As a fellow Hoosier myself, I welcomed Peri’s detailed account of Fanny’s upbringing in the outback. Born Frances Vandegrift in 1840, she later changed her name to Van de Grift—“in deference to her seventeenth-century Dutch ancestors,” according to Peri, but I’d guess she thought it sounded more aristocratic.
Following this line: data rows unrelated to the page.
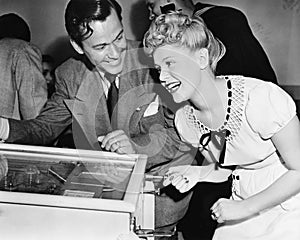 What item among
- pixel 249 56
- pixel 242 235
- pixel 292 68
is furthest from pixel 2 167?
pixel 292 68

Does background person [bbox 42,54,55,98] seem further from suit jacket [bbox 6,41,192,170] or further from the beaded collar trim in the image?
the beaded collar trim

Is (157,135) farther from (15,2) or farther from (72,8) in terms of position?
(15,2)

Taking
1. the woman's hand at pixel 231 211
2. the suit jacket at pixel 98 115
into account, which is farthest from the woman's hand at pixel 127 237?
the suit jacket at pixel 98 115

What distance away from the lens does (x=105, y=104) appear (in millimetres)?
1323

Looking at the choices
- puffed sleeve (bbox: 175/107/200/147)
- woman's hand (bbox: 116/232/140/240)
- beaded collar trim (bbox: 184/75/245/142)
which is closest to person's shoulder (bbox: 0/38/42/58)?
puffed sleeve (bbox: 175/107/200/147)

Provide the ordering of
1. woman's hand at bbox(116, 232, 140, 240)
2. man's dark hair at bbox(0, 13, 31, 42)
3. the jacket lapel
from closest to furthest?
woman's hand at bbox(116, 232, 140, 240), the jacket lapel, man's dark hair at bbox(0, 13, 31, 42)

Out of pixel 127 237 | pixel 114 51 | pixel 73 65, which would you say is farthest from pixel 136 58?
pixel 127 237

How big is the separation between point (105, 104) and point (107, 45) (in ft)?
0.47

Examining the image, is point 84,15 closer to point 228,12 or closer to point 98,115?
point 98,115

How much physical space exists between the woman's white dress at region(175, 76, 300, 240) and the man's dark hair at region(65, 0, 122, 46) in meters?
0.29

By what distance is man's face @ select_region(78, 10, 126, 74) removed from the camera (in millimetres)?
1246

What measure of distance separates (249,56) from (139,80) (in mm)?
262

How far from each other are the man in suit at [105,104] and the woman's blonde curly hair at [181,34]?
0.70ft

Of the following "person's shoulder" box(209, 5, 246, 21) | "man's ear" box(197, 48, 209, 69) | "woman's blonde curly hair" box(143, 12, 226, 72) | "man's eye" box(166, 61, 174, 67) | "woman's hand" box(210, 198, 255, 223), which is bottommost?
"woman's hand" box(210, 198, 255, 223) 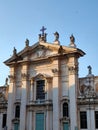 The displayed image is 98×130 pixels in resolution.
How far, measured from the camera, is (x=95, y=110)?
76.9ft

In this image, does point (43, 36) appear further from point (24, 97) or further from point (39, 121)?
point (39, 121)

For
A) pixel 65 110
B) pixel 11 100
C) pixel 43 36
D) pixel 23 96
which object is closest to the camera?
pixel 65 110

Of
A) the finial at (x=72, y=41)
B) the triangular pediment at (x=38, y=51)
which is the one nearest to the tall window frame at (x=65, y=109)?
the triangular pediment at (x=38, y=51)

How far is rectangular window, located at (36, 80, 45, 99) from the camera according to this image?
2703 cm

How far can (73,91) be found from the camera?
80.4 feet

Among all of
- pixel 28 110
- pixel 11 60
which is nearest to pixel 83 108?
pixel 28 110

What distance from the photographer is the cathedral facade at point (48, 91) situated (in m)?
24.0

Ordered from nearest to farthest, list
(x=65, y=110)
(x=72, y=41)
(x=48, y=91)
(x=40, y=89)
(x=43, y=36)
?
(x=65, y=110)
(x=48, y=91)
(x=72, y=41)
(x=40, y=89)
(x=43, y=36)

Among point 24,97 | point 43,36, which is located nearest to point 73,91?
point 24,97

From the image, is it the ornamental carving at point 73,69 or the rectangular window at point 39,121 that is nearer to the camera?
the ornamental carving at point 73,69

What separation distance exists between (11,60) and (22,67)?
5.79 ft

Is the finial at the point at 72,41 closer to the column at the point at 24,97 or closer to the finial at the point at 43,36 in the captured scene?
the finial at the point at 43,36

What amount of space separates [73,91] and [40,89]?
438cm

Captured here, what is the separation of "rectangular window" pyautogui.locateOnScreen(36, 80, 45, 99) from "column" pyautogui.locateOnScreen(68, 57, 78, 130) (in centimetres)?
350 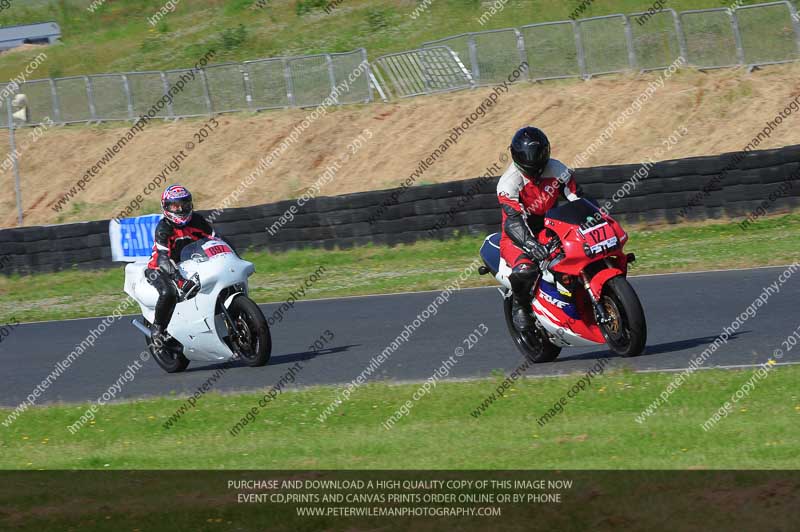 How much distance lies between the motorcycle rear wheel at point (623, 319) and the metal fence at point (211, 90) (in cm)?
2106

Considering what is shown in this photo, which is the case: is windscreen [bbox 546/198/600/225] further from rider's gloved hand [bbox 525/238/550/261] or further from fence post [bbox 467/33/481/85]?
fence post [bbox 467/33/481/85]

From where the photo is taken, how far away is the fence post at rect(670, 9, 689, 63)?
2444 centimetres

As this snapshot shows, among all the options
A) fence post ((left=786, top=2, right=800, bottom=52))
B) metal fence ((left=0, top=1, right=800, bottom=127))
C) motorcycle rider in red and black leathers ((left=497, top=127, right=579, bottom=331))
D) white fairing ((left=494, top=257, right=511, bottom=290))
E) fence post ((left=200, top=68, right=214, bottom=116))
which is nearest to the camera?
motorcycle rider in red and black leathers ((left=497, top=127, right=579, bottom=331))

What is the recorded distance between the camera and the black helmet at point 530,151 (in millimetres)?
9445

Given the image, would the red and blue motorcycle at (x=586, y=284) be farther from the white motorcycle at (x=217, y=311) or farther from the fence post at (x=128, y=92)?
the fence post at (x=128, y=92)

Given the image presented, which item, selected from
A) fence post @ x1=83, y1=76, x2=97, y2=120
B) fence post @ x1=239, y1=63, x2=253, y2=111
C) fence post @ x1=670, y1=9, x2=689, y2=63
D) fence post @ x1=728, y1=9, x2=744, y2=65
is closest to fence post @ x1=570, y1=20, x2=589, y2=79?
fence post @ x1=670, y1=9, x2=689, y2=63

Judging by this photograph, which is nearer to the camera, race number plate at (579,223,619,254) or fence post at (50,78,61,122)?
race number plate at (579,223,619,254)

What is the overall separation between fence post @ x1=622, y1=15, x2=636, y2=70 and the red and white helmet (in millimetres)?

She was baptized by Henry Ward Beecher, an Indianapolis minister at the start of his own great career, around the time he and his sister Harriet Beecher Stowe, in neighboring Ohio, had their first encounters with the Underground Railroad.
Peri makes much of Fanny’s “olive complexion,” which inspired racist taunts at school and prompted rumors that her mother’s previous husband “might have been Fanny’s Creole father.” At sixteen she met a dashing rake called Sam Osbourne, private secretary to the governor of Indiana, married him the following year, and had a daughter, the first of three children, the year after that. Stir-crazy, Sam enlisted in the Union Army, saw no action, and fled to a silver-mining camp in Nevada to make his fortune, leaving Fanny, a habit with him, behind.
Realizing Sam could be depended on for nothing, Fanny in due course took their daughter, Belle, and two small sons, Lloyd and Hervey, to Paris where both women could study art at the height of Impressionism. A fellow classmate was Abigail May Alcott, the model for Amy in her sister’s Little Women. In the great tragedy of Fanny’s life, five-year-old Hervey died of tuberculosis. Worried about Lloyd’s health, she left the contagious capital for the artists’ colony of Grez, near Fontainebleau. It was there that the young Robert Louis Stevenson, with bad lungs (he described TB as the “wolverine on my own shoulders”) and a backpack, glimpsed her through a window. Apparently, they consummated their mutual passion in a canoe.